Most organisations recognise that their workforce needs AI skills, but few know how to build an effective upskilling program. The typical approach — sending everyone to the same generic AI workshop — produces minimal lasting impact. Effective AI upskilling requires a more strategic approach that starts with measurement, targets training where it matters most, and reinforces learning through practical application.
Start with Assessment, Not Training
The biggest mistake organisations make is jumping straight to training without understanding where their people currently stand. A blanket AI training program wastes time for people who are already proficient and overwhelms people who are not ready for intermediate content. Start by assessing your workforce's current AI proficiency across multiple dimensions. This baseline measurement tells you who needs foundational training, who needs advanced skills, and who might serve as internal champions and mentors.

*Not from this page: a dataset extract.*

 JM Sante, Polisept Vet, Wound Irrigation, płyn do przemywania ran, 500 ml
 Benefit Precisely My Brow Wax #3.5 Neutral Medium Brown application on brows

Assessment data also helps you prioritise. You might discover that your marketing team has strong prompt engineering skills but weak output evaluation skills, while your finance team is the opposite. This level of insight allows you to design targeted interventions rather than one-size-fits-all programs.
Design a Tiered Training Program
Effective AI upskilling programs have at least three tiers. The foundation tier covers AI literacy: what AI can and cannot do, basic prompting, output evaluation, and responsible use. This tier is for everyone. The practitioner tier builds on the foundation with role-specific training: how to use AI for financial modelling, for content creation, for project management, for customer service. This tier is tailored to functional groups. The advanced tier covers building automations, working with APIs, evaluating and selecting AI tools, and leading AI adoption within teams. This tier is for power users and AI champions.
Measure Progress and ROI
Upskilling without measurement is just activity. Measure progress by re-assessing proficiency at regular intervals and tracking practical outcomes like time saved, quality improvements, and tool adoption rates. Calculate ROI by comparing the cost of training against measurable productivity gains. The organisations that treat AI upskilling as a measurable business initiative rather than a checkbox exercise are the ones seeing real returns.